• _Goal of the exercise_: Transcribe the data exactly. Pictures stay out.

• _Provided data_:
#####

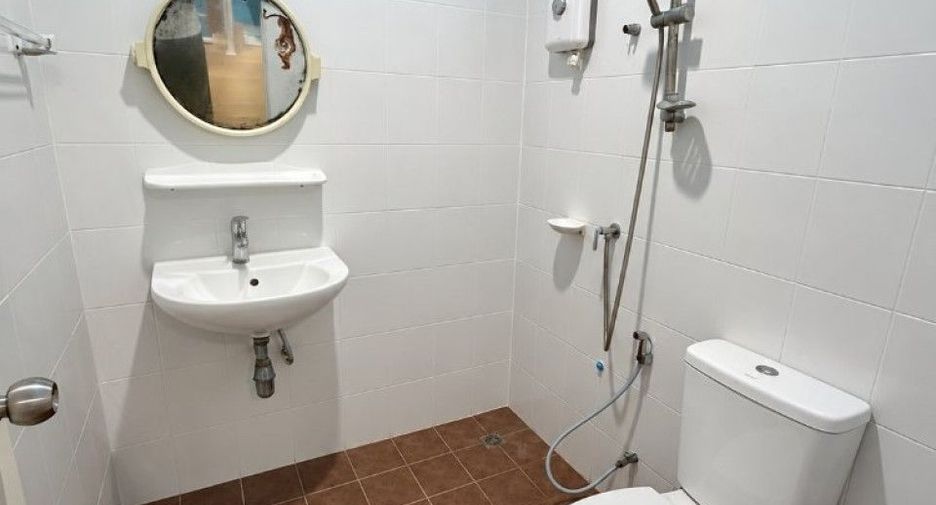 For sale 3 bedrooms townhouse in Phra Samut Chedi, Samut Prakan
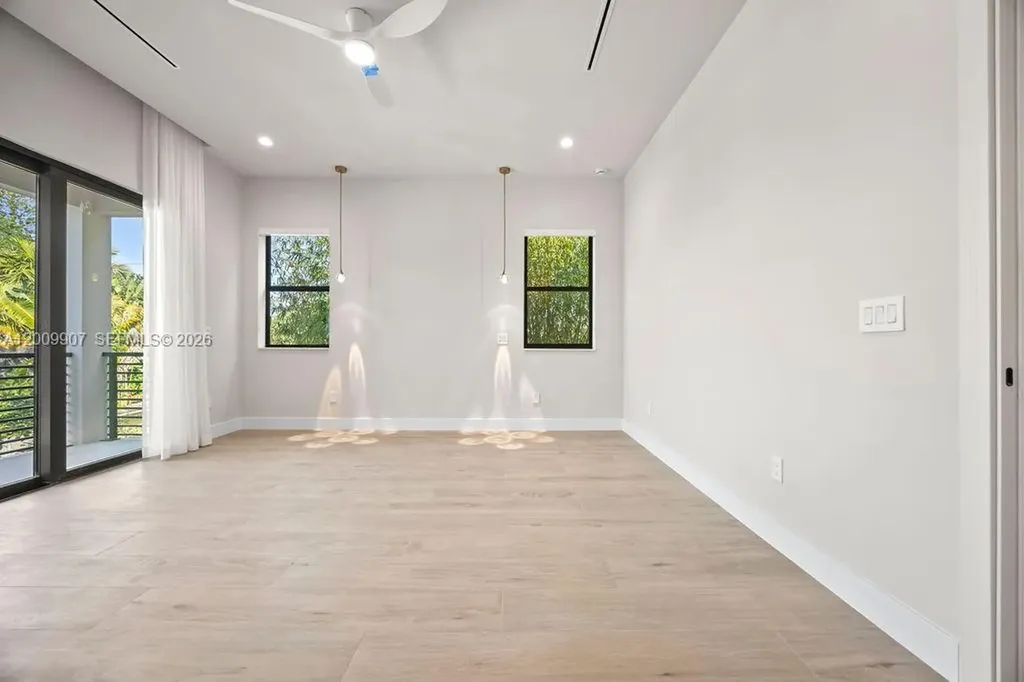 1137 NE 11th Avenue Fort Lauderdale FL 33301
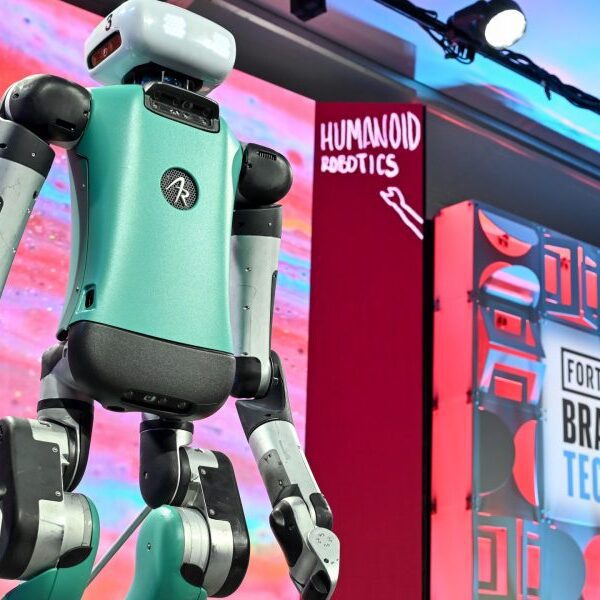 Agility Robotics’ humanoid robotic has its first actual job—at a Spanx manufacturing…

#####

• _Solved exercise_:
 For sale 3 bedrooms townhouse in Phra Samut Chedi, Samut Prakan
 1137 NE 11th Avenue Fort Lauderdale FL 33301
 Agility Robotics’ humanoid robotic has its first actual job—at a Spanx manufacturing…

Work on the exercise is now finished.